In the latest incidents of data breaches, it is the global technology giant Microsoft which found itself in thick soup. The breach was brought to light by the Comparitech security research team led by Bob Diachenko. The team found that Microsoft exposed nearly 250 Mn Customer Service and Support (CSS) records on the web.
The company has now publicly admitted to this breach saying that it was because of “misconfiguration of an internal customer support database” used for tracking support cases that included logs of conversations between Microsoft support agents and customers from all over the world.
These records had logs of conversations between Microsoft support agents and customers from all over the world from the past 14 years (from 2005 to 2019).

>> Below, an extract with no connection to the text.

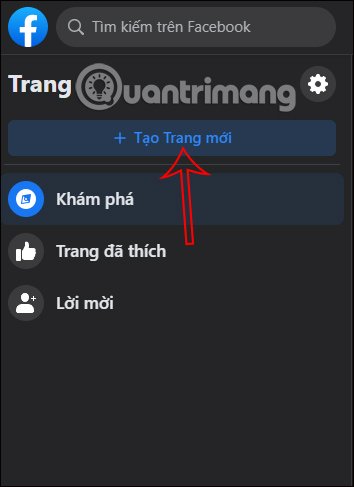 Tạo Trang mới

On December 29, 2019, Comparitech security research team found that the data was left accessible to anyone with a web browser, with no password or other authentication needs.
Diachenko explained that most of the personally identifiable information “emails, contact numbers, and payment information” was redacted. However, many records contained plain text data, including, but not limited to, customer email addresses, IP addresses, locations, Microsoft support agent emails, case numbers, resolutions, and remarks and internal notes marked as “confidential”.
On the same day, Diachenko notified Microsoft upon discovering the exposed data. Over the next two days, Microsoft secured the servers and data. Post this, Diachenko and Microsoft continued the investigation and remediation process.
On January 21, 2020, Microsoft disclosed additional details about the exposure as a result of the investigation. Ann Johnson, corporate vice president, Cybersecurity Solutions Group at Microsoft said that the investigation found no malicious use. “Although most customers did not have personally identifiable information exposed, we want to be transparent about this incident with all customers and reassure them that we are taking it very seriously and hold ourselves accountable,” he added in the statement.
Microsoft’s investigation determined that a change made to the database’s network security group on December 5, 2019, contained misconfigured security rules that enabled exposure of the data.
According to the company, its engineers remediated the configuration on December 31, 2019, to restrict the database and prevent unauthorised access. “This issue was specific to an internal database used for support case analytics and does not represent an exposure of our commercial cloud services,” the company added.
This security breach is the latest in the book of troubles for Microsoft. The company is already facing ire for Internet Explorer zero-day vulnerability which it hasn’t issued a patch for, despite it being actively exploited. Further, the US government recently issued a critical Windows 10 update alert concerning the “extraordinarily serious” curveball crypto vulnerability.